The majority of London-based International Power’s first- half operating income came from emerging markets. International Power is in the process of building 6,600 megawatts of new power plants, mostly in developing countries. Sixty-seven percent of the utility’s 1.47 billion euro ($2 billion) current operating income in the first-half of the year came from nations like Brazil, Indonesia and Saudi Arabia.
Cox said International Power may also acquire assets through acquisitions.
“If there are power generation assets becoming available in any of our core markets, you should expect International Power to be alive to that opportunity and taking a look,” the executive said. “We do feel we have a competitive advantage with our balance sheet and our liquidity but projects have to meet our strict financial criteria.”
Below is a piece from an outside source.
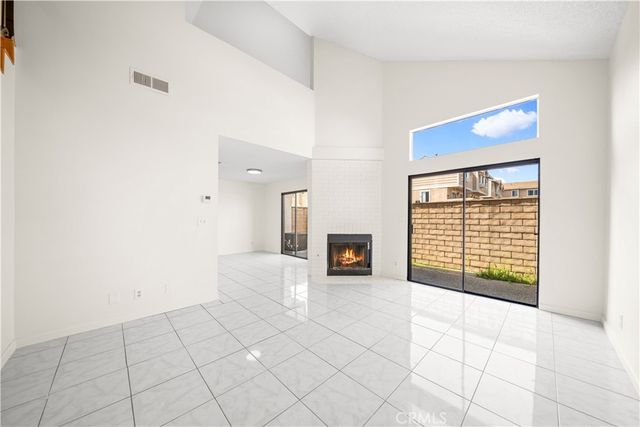 6060 Oak Street M, Huntington Park, CA 90255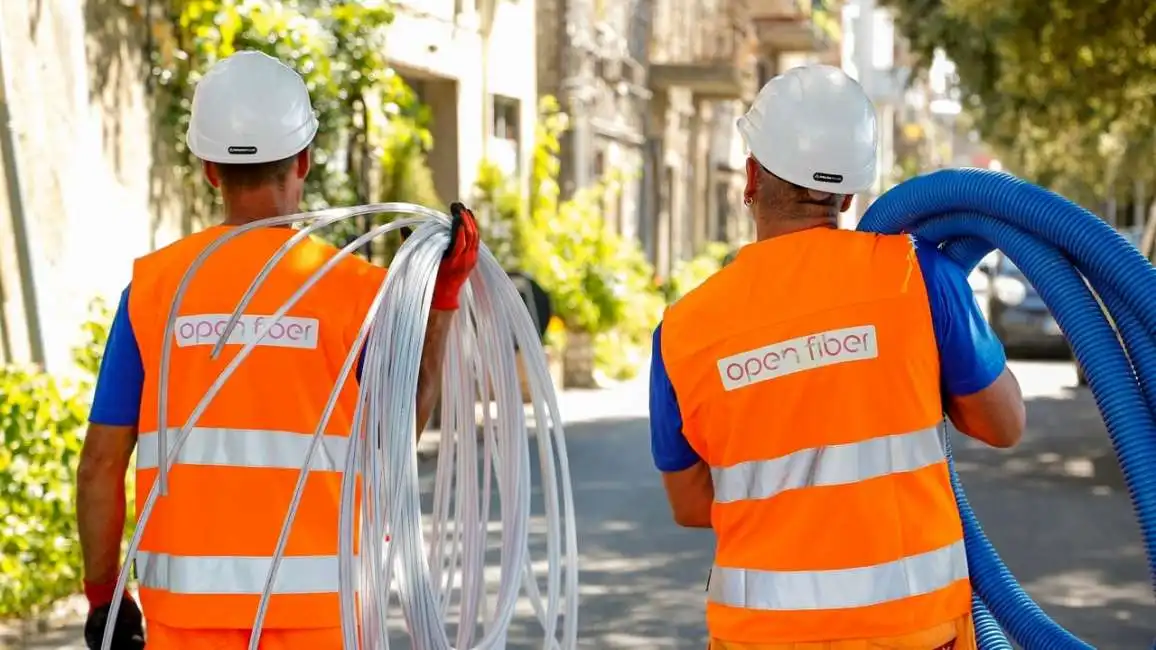 fibra internet copertura banda larga open fiber cavo cavi fibra ottica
International Power agreed to merge assets with Paris-based GDF Suez SA last year, boosting its gross generation capacity above 70,000 megawatts in 30 countries. The deal broadened the company’s financing capabilities, Cox added. As of June, International Power had 1.2 billion euros in cash, as well as a 3.1 billion pound credit line with GDF Suez.
“We do look and challenge ourselves on the markets we’re not in,” Cox said. “India I would pull out as being the really big scale that it is on the list.”
Given projected economic and population growth, Indian generation capacity will have to increase more than fourfold from 2008 levels to 748,000 megawatts by 2050, the IEA said in a February report. Faster growth could mean the country will need more than 1.2 million megawatts of wind farms, gas and coal- fired power plants and nuclear reactors, the agency said.
India has proven a difficult market for other international energy companies. Enron Corp., the energy trader that filed for bankruptcy in 2001, invested in a $3 billion 740-megawatt power plant in India in the mid-1990s. The plant stopped operating seven months before Enron went bankrupt because its sole customer, a state-run electricity board, stopped paying bills, saying the tariff was too expensive.
“India has huge power demand, but you need the right market characteristics for a third party to operate there,” Investec Ltd. analyst Angelos Anastasiou said in a telephone interview. Fuel supplies must be secure, the country stable and the government has to be committed to energy prices, he said.
International Power is further along and actively reviewing specific assets in Vietnam and Morocco, as well as South Africa where it’s considering peaking plant and wind projects, Cox said. The three countries “make sense,” because power demand is growing, their governments are supportive and long-term off- take contracts are available, he said.
Seeking to avoid a repeat of 2008 power outages, which temporarily shut down of mines and smelters, South Africa is targeting capacity additions exceeding 40,000 megawatts by 2030, according to the IEA. State-owned Eskom Holdings Ltd., which supplies 95 percent of the nation’s power, is looking to double its 41,194 megawatt capacity.
Other European utilities have struggled to offset weak power demand and regulatory shifts like windfall taxes and nuclear plant closures. Government intervention has cut 200 billion euros from the region’s utility shares since January 2009, according to Citigroup Inc. Bloomberg’s European Utility Index has retreated 13 percent this year.
RWE AG slashed full-year earnings targets when it announced first half results in August. The next day, EON AG, Germany’s largest utility, announced plans to eliminate 10 percent of its workforce. EON was already considering international expansion as one way to offset declining domestic earnings.
“We are in an arena where one would expect to see more opportunities with more distressed players,” Cox said.